Ist es nicht so, dass sich eine satte Gesellschaft wie die deutsche nach 50 Jahren Ausbau des Wohlfahrtsstaates nur schwer umsteuern lässt? Den dazu nötigen Leidensdruck kann man doch nicht artifiziell erzeugen.

Nein, es ist auch nicht Aufgabe demokratisch gewählter Regierungen, zur Heilung sozioökonomischer Übel die Leiden der Bevölkerung zu verstärken. Wobei richtig ist: Margaret Thatcher konnte ihr radikales Reformprogramm nur durchsetzen, weil die britische Gesellschaft sich bei ihrem Amtsantritt 1979 in einem beklagenswerten Zustand befand. Eigentlich muss die Politik schon umzusteuern beginnen, bevor das Leiden so groß wird.

Was heißt das für Deutschland?

Wer will, dass alles erst noch schlechter wird, um so zu einer Schocktherapie zu kommen, der müsste für vier weitere Jahre eine rot-grüne Regierung wählen. Wir dagegen werden Deutschland mit den notwendigen Strukturreformen sofort auf einen höheren Wachstumskurs bringen.

Edmund Stoiber wünscht sich die ökonomische Vitalität Amerikas, aber ohne die harten sozialen Einschnitte - geht das überhaupt?

Edmund Stoiber und ich sind uns einig, dass das amerikanische Modell nicht eins zu eins auf Europa übertragbar ist. Dort gibt es neben großen Erfolgen auch erhebliche Probleme, denken Sie nur an die Gesundheitspolitik oder die ungleich verteilten Bildungschancen.

Die Union macht den Eindruck, als vermeide sie unangenehme Wahrheiten, um die Macht zu erringen. Warum sollten die Bürger die Union wählen, wenn sie wie Schröder vor unpopulären Entscheidungen zurückschreckt?

Wir haben eine klare Linie - aber wir wollen auch Mehrheiten gewinnen. Und im Unterschied zu Schröder sagen wir auch: Den Nulltarif in der Politik gibt es nicht.

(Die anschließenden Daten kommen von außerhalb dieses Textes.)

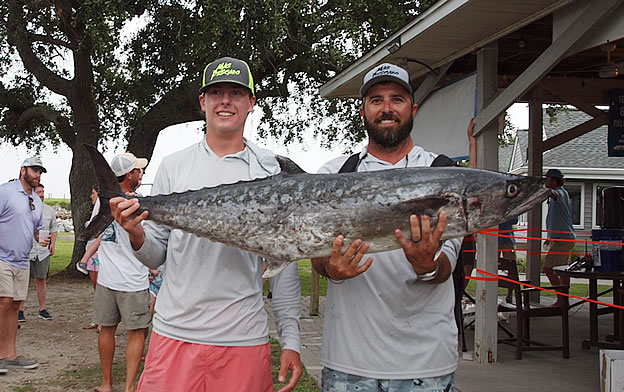 james island yacht club king mackerel tournament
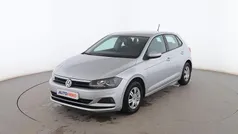 Gris Usado 2018 VW Polo Edition Utilitario | 12.299 € (Precio justo)
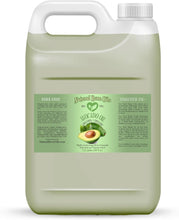 Cargar imagen en el visor de la galería, Aceite de aguacate, 1 galón, orgánico, Q1
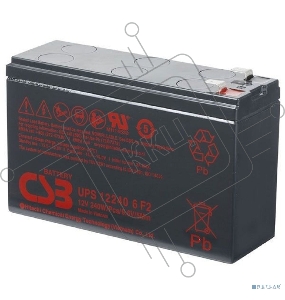 Батарея для ИБП CSB UPS122406 12В 240Вт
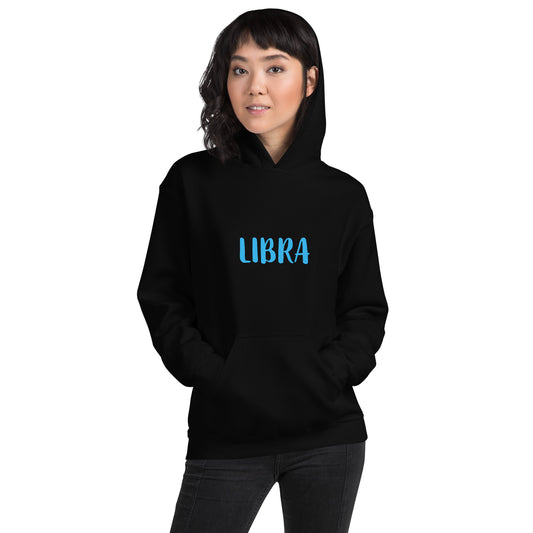 Libra Unisex Hoodie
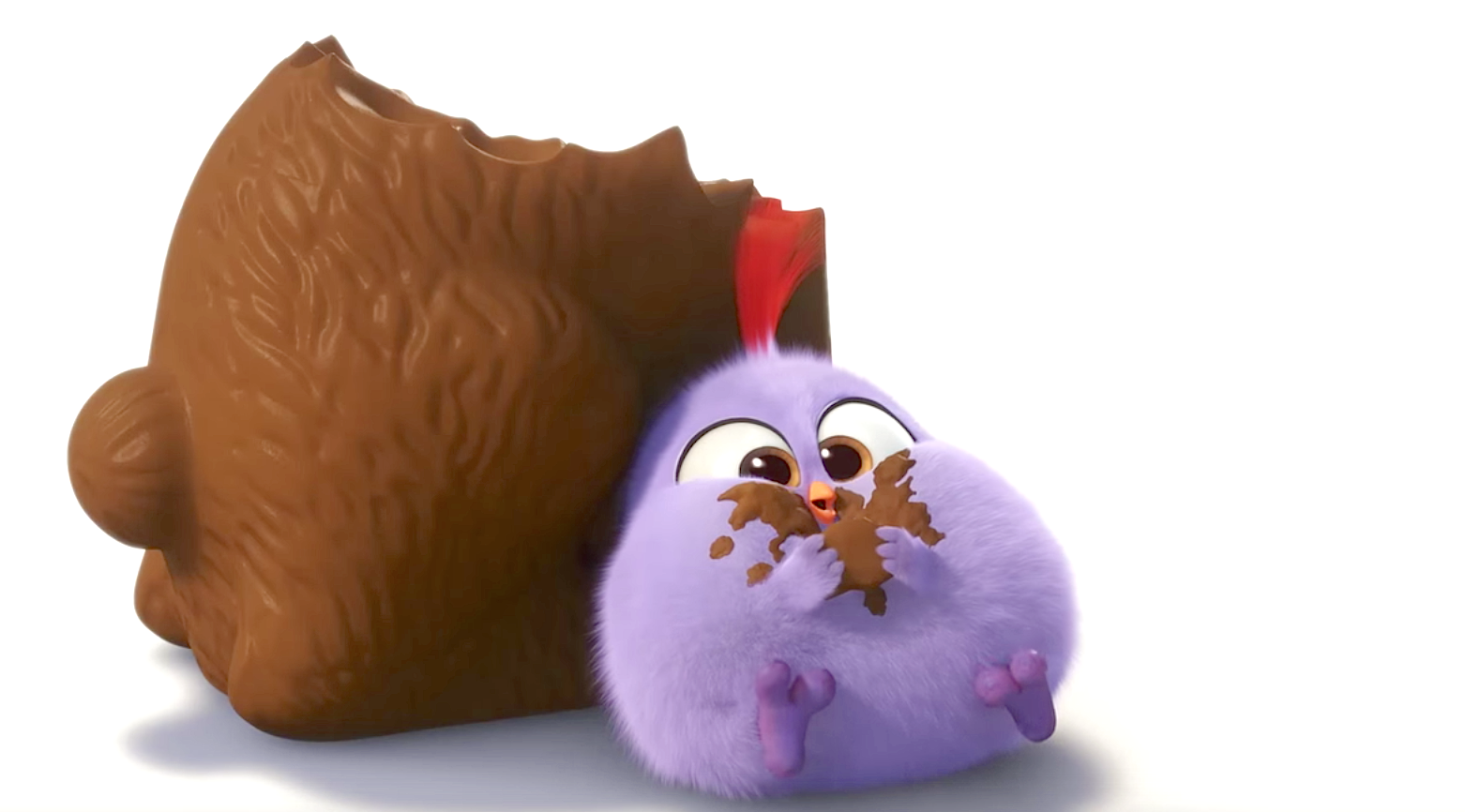 The Angry Birds Movie (2016), Cute Hatchling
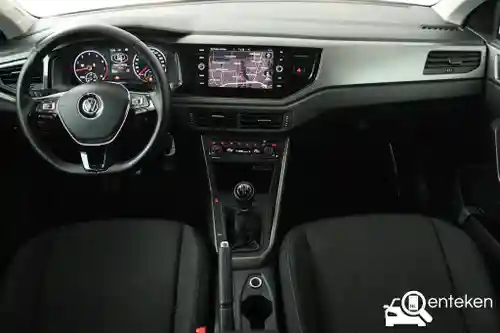 VW Polo 1.0 TSI OPF 2018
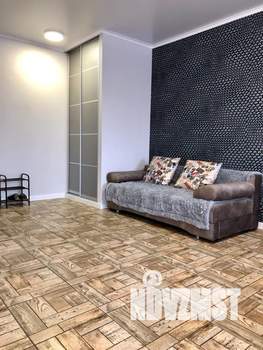 1-к квартира, посуточно, 40м2, 12/12 этаж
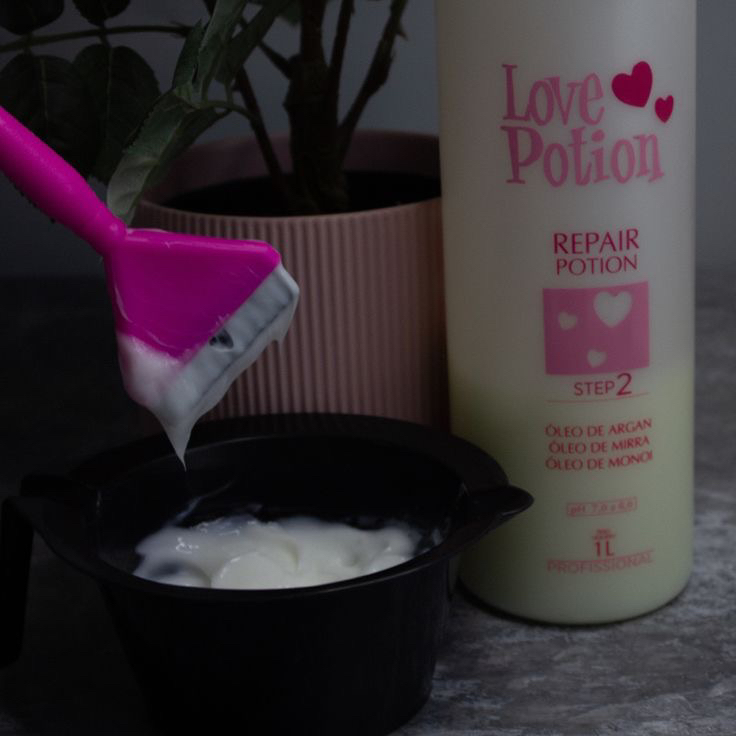 Маска для волос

Der Gesellschaftswissenschaftler Meinhard Miegel glaubt, dass Deutschland seine Strukturprobleme nur mithilfe einer großen Koalition lösen könne. Ein richtiger Ansatz?

Nein, die Idee, den politischen Wettbewerb durch eine große Koalition außer Kraft zu setzen, halte ich für Kartellierung und damit für falsch. Es mag Situationen geben, wo der Wähler sie erzwingt, anstreben soll man sie nicht.